Differentiation of Functions

Differentiation of Functions Logo

Quotient Rule

  • The quotient rule is a formal rule for differentiating of a quotient of functions.

    Let \(u\left( x \right)\) and \(v\left( x \right)\) be again differentiable functions. Then, if \(v\left( x \right) \ne 0\), the derivative of the quotient of these functions is calculated by the formula

    \[{\left( {\frac{u}{v}} \right)^\prime } = {\frac{{u’v – uv’}}{{{v^2}}}.}\]

    This formula is proved similarly.

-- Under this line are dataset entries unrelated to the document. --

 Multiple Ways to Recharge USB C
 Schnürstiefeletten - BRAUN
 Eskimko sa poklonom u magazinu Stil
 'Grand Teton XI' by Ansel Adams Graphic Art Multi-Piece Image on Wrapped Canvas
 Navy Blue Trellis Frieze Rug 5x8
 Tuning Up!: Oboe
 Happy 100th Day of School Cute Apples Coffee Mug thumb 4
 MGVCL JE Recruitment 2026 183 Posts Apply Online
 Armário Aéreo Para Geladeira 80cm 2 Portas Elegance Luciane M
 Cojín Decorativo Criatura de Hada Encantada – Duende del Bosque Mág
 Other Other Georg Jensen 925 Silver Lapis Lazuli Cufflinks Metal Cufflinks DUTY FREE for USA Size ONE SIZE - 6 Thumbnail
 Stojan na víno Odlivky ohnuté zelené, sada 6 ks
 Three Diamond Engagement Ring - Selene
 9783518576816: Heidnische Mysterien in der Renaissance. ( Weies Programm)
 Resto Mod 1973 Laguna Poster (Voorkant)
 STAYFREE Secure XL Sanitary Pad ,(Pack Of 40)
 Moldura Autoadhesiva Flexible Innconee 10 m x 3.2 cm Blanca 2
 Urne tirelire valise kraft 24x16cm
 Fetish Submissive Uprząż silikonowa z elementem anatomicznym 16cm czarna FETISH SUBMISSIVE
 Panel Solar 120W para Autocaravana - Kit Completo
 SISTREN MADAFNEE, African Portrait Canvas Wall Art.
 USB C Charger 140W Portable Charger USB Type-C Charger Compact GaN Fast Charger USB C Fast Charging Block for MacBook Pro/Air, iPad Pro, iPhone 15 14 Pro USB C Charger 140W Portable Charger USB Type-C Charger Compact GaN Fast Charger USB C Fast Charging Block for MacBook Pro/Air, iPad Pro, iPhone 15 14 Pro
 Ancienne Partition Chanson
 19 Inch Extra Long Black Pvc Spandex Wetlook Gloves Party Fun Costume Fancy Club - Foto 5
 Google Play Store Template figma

The increment of the quotient can be written as

    \[\require{cancel}
    {\Delta \left( {\frac{u}{v}} \right) }={ \frac{{u + \Delta u}}{{v + \Delta v}} – \frac{u}{v} }
    = {\frac{{\left( {u + \Delta u} \right)v – u\left( {v + \Delta v} \right)}}{{v\left( {v + \Delta v} \right)}} }
    = {\frac{{\cancel{uv} + v\Delta u – \cancel{uv} – u\Delta v}}{{v\left( {v + \Delta v} \right)}} }
    = {\frac{{v\Delta u – u\Delta v}}{{v\left( {v + \Delta v} \right)}}.}
    \]

    The derivative of the quotient is expressed as follows:

    \[
    {{\left( {\frac{u}{v}} \right)^\prime } }={ \lim\limits_{\Delta x \to 0} \frac{{\Delta \left( {\frac{u}{v}} \right)}}{{\Delta x}} }
    = {\lim\limits_{\Delta x \to 0} \frac{{\frac{{v\Delta u – u\Delta v}}{{{v^2} + v\Delta v}}}}{{\Delta x}} }
    = {\lim\limits_{\Delta x \to 0} \frac{{v\frac{{\Delta u}}{{\Delta x}} – u\frac{{\Delta v}}{{\Delta x}}}}{{{v^2} + v\Delta v}}.}
    \]

    Further, using the properties of limits, we find:

    \[
    {{\left( {\frac{u}{v}} \right)^\prime } }={ \lim\limits_{\Delta x \to 0} \frac{{v\frac{{\Delta u}}{{\Delta x}} – u\frac{{\Delta v}}{{\Delta x}}}}{{{v^2} + v\Delta v}} }
    = {\frac{{v\lim\limits_{\Delta x \to 0} \frac{{\Delta u}}{{\Delta x}} – u\lim\limits_{\Delta x \to 0} \frac{{\Delta v}}{{\Delta x}}}}{{\lim\limits_{\Delta x \to 0} {v^2} + \lim\limits_{\Delta x \to 0} \left( {v\Delta v} \right)}} }
    = {\frac{{u’v – uv’}}{{{v^2} + v\lim\limits_{\Delta x \to 0} \Delta v}}.}
    \]

    Taking into account that \({\lim\limits_{\Delta x \to 0} \Delta v} = 0\) we obtain the final expression for the derivative of the quotient of two functions:

    \[{\left( {\frac{u}{v}} \right)^\prime } = \frac{{u’v – uv’}}{{{v^2}}}.\]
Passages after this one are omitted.